PROVIDED RECORDS
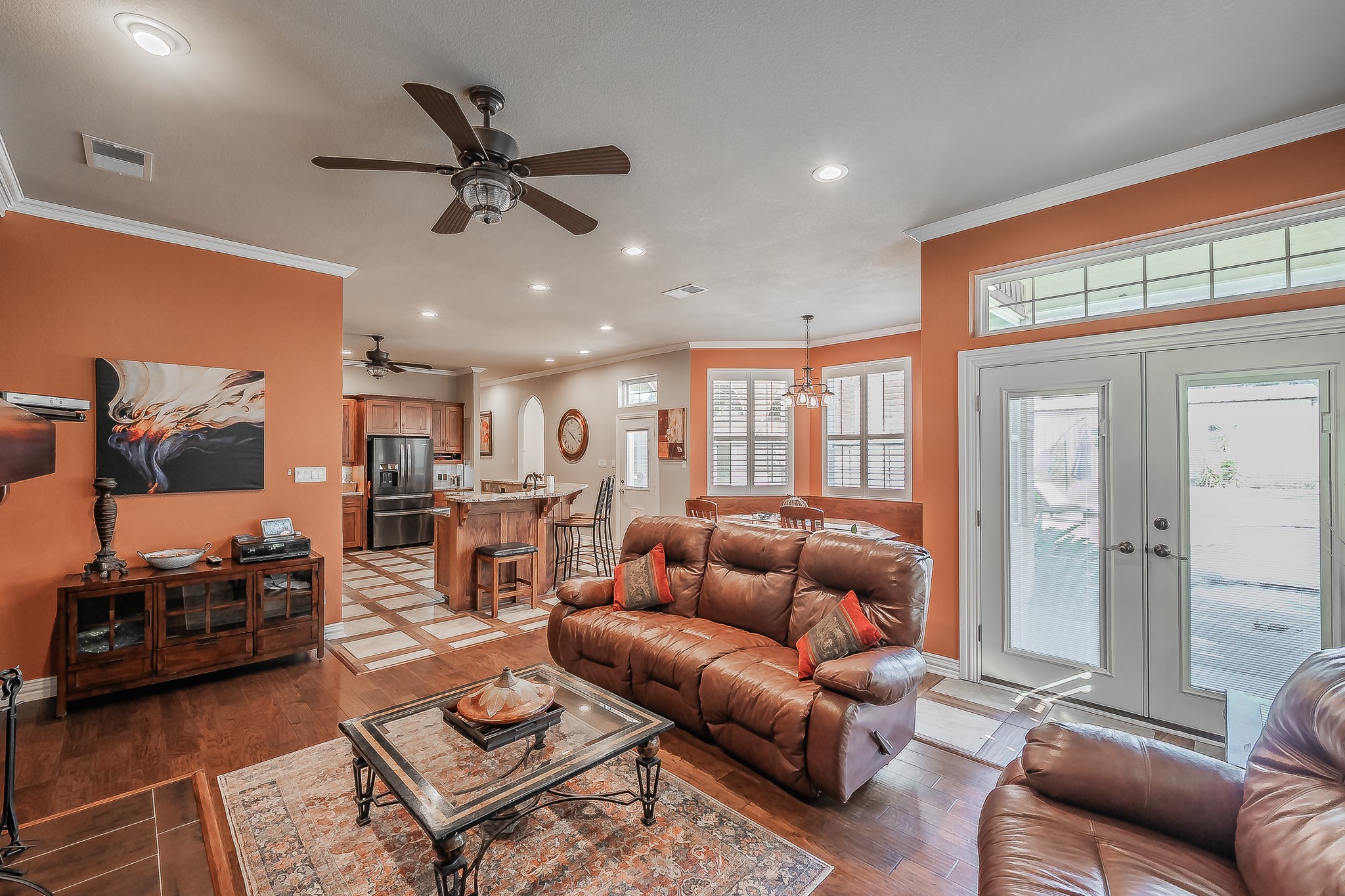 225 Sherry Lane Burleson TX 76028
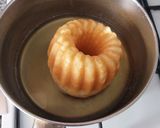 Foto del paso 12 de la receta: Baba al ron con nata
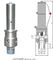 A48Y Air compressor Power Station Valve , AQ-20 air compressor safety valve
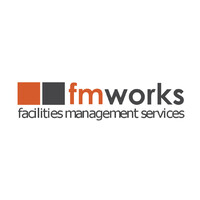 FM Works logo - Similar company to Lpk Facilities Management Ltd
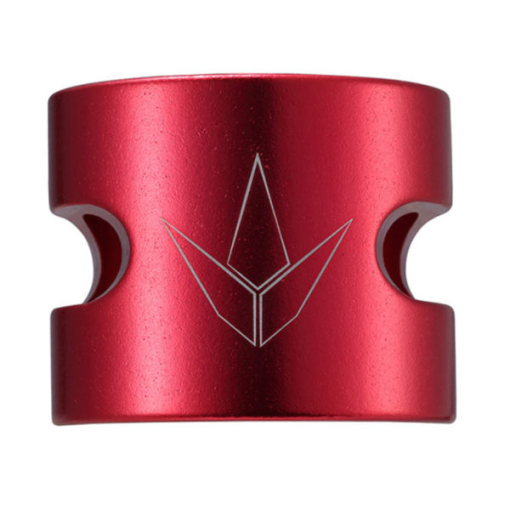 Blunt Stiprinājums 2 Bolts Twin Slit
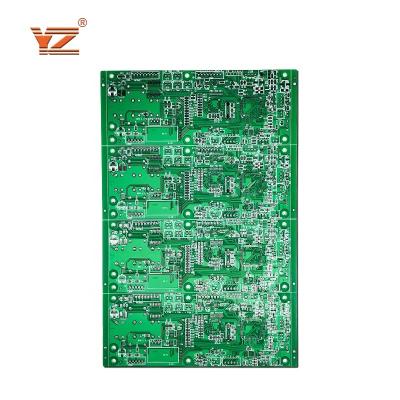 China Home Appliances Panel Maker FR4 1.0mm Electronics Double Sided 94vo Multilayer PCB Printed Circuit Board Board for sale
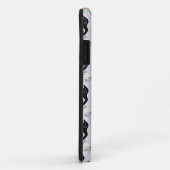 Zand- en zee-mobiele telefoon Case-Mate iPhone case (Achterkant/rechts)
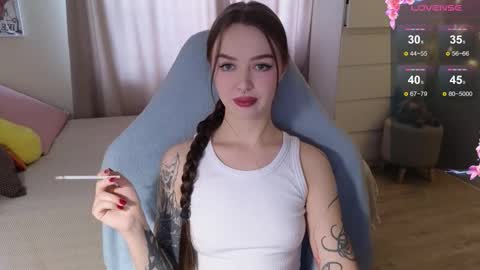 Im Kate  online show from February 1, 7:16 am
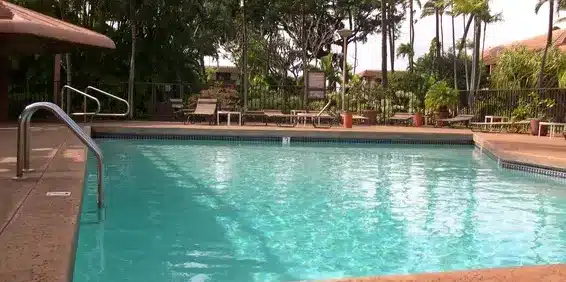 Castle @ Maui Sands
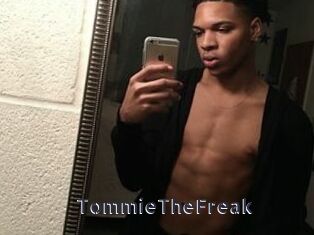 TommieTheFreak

PROBLEM DESCRIPTION
Omit the pictures and output all remaining material exactly.

SOLUTION FOR THIS TASK
 225 Sherry Lane Burleson TX 76028
 Foto del paso 12 de la receta: Baba al ron con nata
 A48Y Air compressor Power Station Valve , AQ-20 air compressor safety valve
 FM Works logo - Similar company to Lpk Facilities Management Ltd
 Blunt Stiprinājums 2 Bolts Twin Slit
 China Home Appliances Panel Maker FR4 1.0mm Electronics Double Sided 94vo Multilayer PCB Printed Circuit Board Board for sale
 Zand- en zee-mobiele telefoon Case-Mate iPhone case (Achterkant/rechts)
 Im Kate  online show from February 1, 7:16 am
 Castle @ Maui Sands
 TommieTheFreak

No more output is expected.